Indonesia, scheduled to chair ASEAN in 2013, has asked to swap with Brunei for next year’s chairmanship because it is also slated to host the APEC summit in 2013.
Foreign Minister Marty Natalegawa said besides the scheduling conflict, Jakarta has decided to move forward its chairmanship period because it sought to “fill the vacuum of leadership in ASEAN”.
Ade Padmo Sarwono, the Foreign Ministry’s director for ASEAN political and security affairs, said Tuesday Jakarta has been working on outlining its agenda, with the Myanmar elections likely to be included.
“We are still working on next year’s agenda. Rights issues, including the protection of migrant workers will be a part of it,” he said, adding Jakarta would host the meeting between leaders and civil groups when it chairs ASEAN in 2011.
Jakarta, together with Thailand, Myanmar and the Philippines, have been pushing for ASEAN to adopt legal protection for migrant workers despite reluctancy from Malaysia, Singapore and Brunei.
“Jakarta would push forward with agenda so that all member states adopt the legal protection instrument, which could cover both documented and undocumented migrants,” said Edi Yusuf, the Foreign Ministry’s director for economic cooperation for ASEAN.
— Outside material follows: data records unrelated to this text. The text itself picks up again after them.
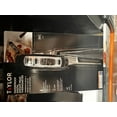 thumbnail image 3 of Taylor 3519 TruTemp Compact Digital Thermometer Pen Style, Taylor 3519 TruTemp Compact Digital Thermometer Pen Style By Brand Taylor, 3 of 4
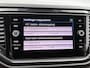 Volkswagen T-Roc 1.0 TSI Sport CARPLAY & NAVI | AD-CRUISE | TREKHAAK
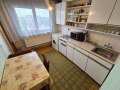 Продава 2-стаен град Русе , Здравец Изток , 60 кв.м | 34312351 — Imoti.com Продава 2-стаен град Русе , Здравец Изток , 60 кв.м | 34312351
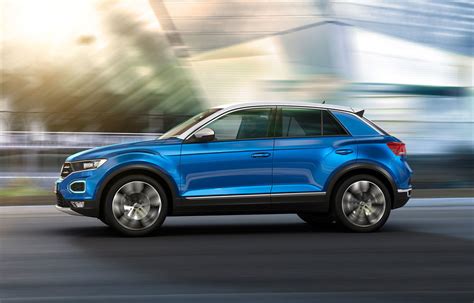 10 galerie tesla ai o tesla sau ai vazut una? Un nou motor diesel pentru Volkswagen T-Roc: 1.6 TDI de ...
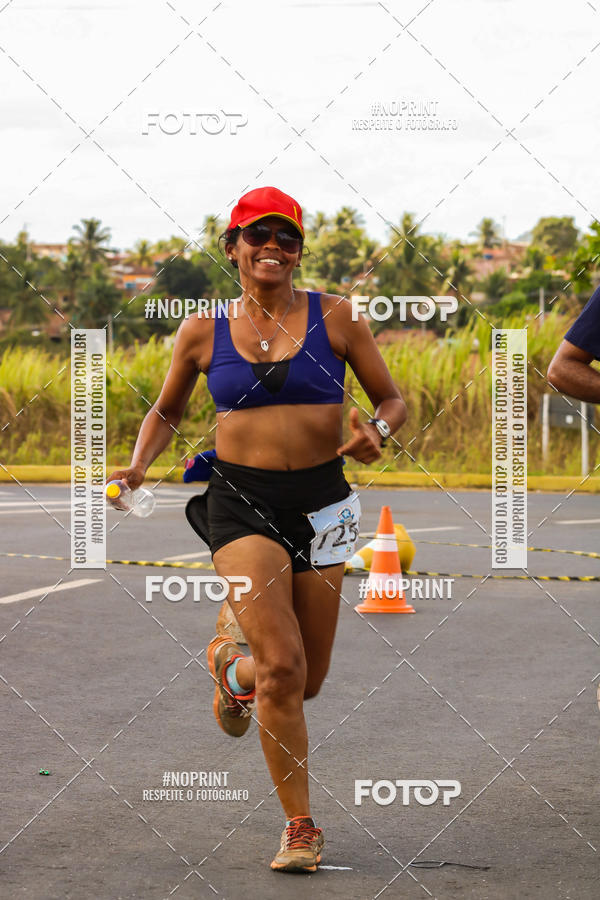 Buy your photos of the eventMARVEL RUNNERS on Fotop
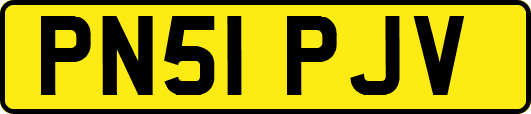 PN51PJV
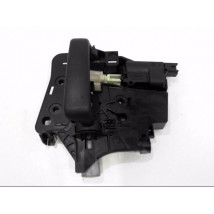 POIGNEE INTERIEURE PORTE AVANT DROIT PEUGEOT 1007
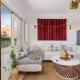 Makadi Heights Home With Garden, Hurghada - Foto 9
“Some members have not yet agreed on the provision to protect undocumented migrants, but we see it as crucial because the number of those documented and undocumented are similar,” he said.
Yuyun said Indonesian leadership would also be put to the test when member state Myanmar wrapped up its first election in two decades late this year.
Although the election has been denounced as a sham by the international community and Myanmar’s main opposition party, ASEAN members have withheld tough criticisms of the reclusive nation.
“There is an expectation that when Indonesia assumes the chairmanship next year, it will place strong emphasis on post-election Myanmar and push forward with calls that the country embraces democracy and human rights as it has pledged,” said Yuyun.
A senior diplomat said Indonesia should play a strong leadership role next year, but warned of risks of being too progressive. The diplomat pointed to the recent move by Singapore to launch its own initiative of ASEAN+8, challenging Jakarta’s idea of expanding the East Asia Summit (EAS). Both forums plan to include the US and Russia to convene with 16 EAS members.
“Singapore has always consulted with us whenever it comes to ASEAN agenda because we share similar views on how ASEAN should progress. But the recent ASEAN+8 versus the expansion of the EAS showed that Singapore and Indonesia are no longer in the same boat. There is a fear that Indonesia is too progressive and is failing to meet the interests of other members.”